И еще Катя Решеткина танцевала цыганочку, и пока танцевала она цыганочку, немигающим и грустным взором следил за нею Сайфулла. Смуглая прелесть ее — и даже не красота, а сиянье глаз и неукротимая ее подвижность все могущественнее заслоняли от него образ далекой и гордой Марьям. И когда остался от Марьям лишь клочок, малый, как кровинка,— выскочил на середину Сайфулла и гортанно закричал о чем-то по-своему татарам, и смолкла певучая скурятниковская жестянка. И те запели что-то протяжное, выбивая такт в ладоши, раскачиваясь, перемигиваясь и поталкивая друг друга в бока. И он пошел по кругу между ними, как бы распихивая ладонями воздух вокруг себя, огромными сапогами ширкая по намокшим половицам.
Это был мужицкий танец, апипа, веселый и грубоватый, что пляшут на свадьбах, заложив руки за спину. Сайфулла показывал его со всей стремительностью крови, со сдержанной и четкой страстью. Это была грация мужественного тела, привычного к тяжестям, к длительному напряжению и предельно уверенного в себе. Он плясал, и с озабоченной завистью морщил лоб Рябушкин, и надтреснуто звякала чашка, касаясь глиняного кувшина, и вздрагивала июльская гроза на полотенце, и, глядя на юношу, качала головой и двигала беззубой челюстью старая Махуб. И казалось, нарочно, в угоду Кате, прищурившейся и застывшей у притолоки, он топчет свое прошлое, свою вчерашнюю влюбленность, сердце и неуклюжие клятвы: милую свою Марьям.
...по реке плывет лодка,
девушки притопывают ногами.
Те, которые любят,
сохнут и желтеют.
А Махуб пришептывала, полузакрыв глаза,— уж она-то знала толк в этих древних строках.
Парни глядят на девушек,
и девушки знают:
земля кипела бы под веслами,
плыви они по земле!
Не закончив последней фигуры танца, Сайфулла опрометью кинулся из избы, опрокинув гремучую бадью в сенях, и бежал далеко, пока не затихли в ушах аплодисменты товарищей, пока ночным ветром не опалило лицо. Провалясь по колено в мокрый снег, он один стоял под звездами, вслушиваясь в глухую, дальнюю перекличку ночных паровозов. Точно завихренные скоростью его бега, звезды кружились над головой. Облака, похожие на сугробы, веще проносились вверху. Это было счастье. И мало было Сайфулле зимнего холода... и полными пригоршнями он хватал снег и прикладывал к воспаленным вискам, и текло, и корчился от ледяной щекотки, уползавшей за ворот рубахи. Она была из грубой конопляной ткани, прощальный подарок Марьям, вышитая красными лебедями, маленькими, как ягодки волчьего лыка. И его безотчетное круженье среди ночного леса, как беззвучное шевеленье запухших губ, было самым выразительным из танцев созревающей юности,— самой безыскусственной из любовных песен!

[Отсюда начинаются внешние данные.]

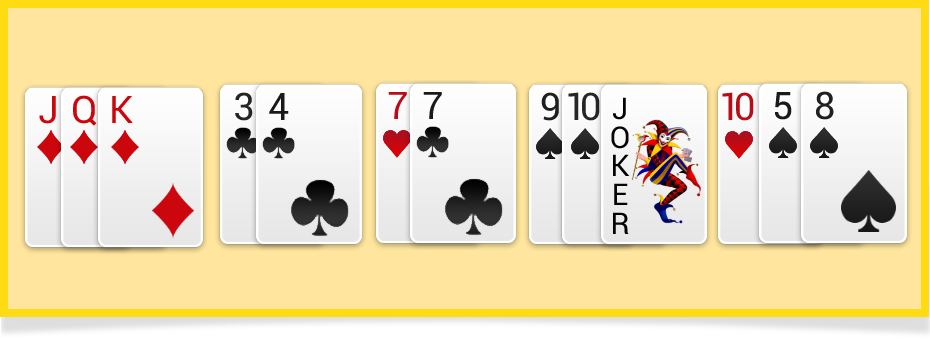 How to Form Sequence in Rummy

Здесь заканчивалась одна любовная повесть. Воспоминанье ведет Сайфуллу далеко в глубь Татарстана, к окошку бедной крестьянской избы. Оно разбито и заткнуто тряпкой. Ветер шевелит соломенную, под выдру выделанную кровлю. Горячим лбом Сайфулла приникает к холодному стеклу и смотрит внутрь. Скуден свет жировой коптилки, и нужны дополнительные усилья памяти, чтоб осветить подробности, спрятанные по углам. Сперва только тонкие волоконца копоти струятся над розовой дужкой огня. Потом юноша различает громадный ткацкий станок, чыпта суккыч, хитроумное сплетенье деревянных колес, длинных перекладин и отлакированных временем штырей.
Спит Альдермеш; и пока селенье Альдермеш спит, две старухи ткут рогожи, старушечью норму в двадцать пять кулей. И пока одна сильным толчком руки прогоняет сквозь лубяную основу тяжелый, как полено, челнок, другая, наклонив голову, разбирает на полу пахучее, саднящее руки волокно. Это мать, Биби-Камал. Она поет песню напевом германкие; его принес с мировой войны отец. На нарах, в глубине избы, лежит он сам, Самигулла, поломанный войною; шестнадцать лет он отдыхает от военной непогоды! И вот Сайфулла проходит сквозь стену и незримо движется, тень среди теней. Он заглядывает в жесткое лицо матери, которого никогда не видел смеющимся. Он наклоняется над отцом. Тараканы равнодушно путешествуют по этим горам тряпья и страданья. В головах у старика сложен вчетверо старый стеганый бешмет. Самое лицо — как подорожный камень, с тонкими, похожими на джеп, суровье, усами; и там, во впадинах, покорно молчащие глаза... Сыновний селям тебе, Самигулла!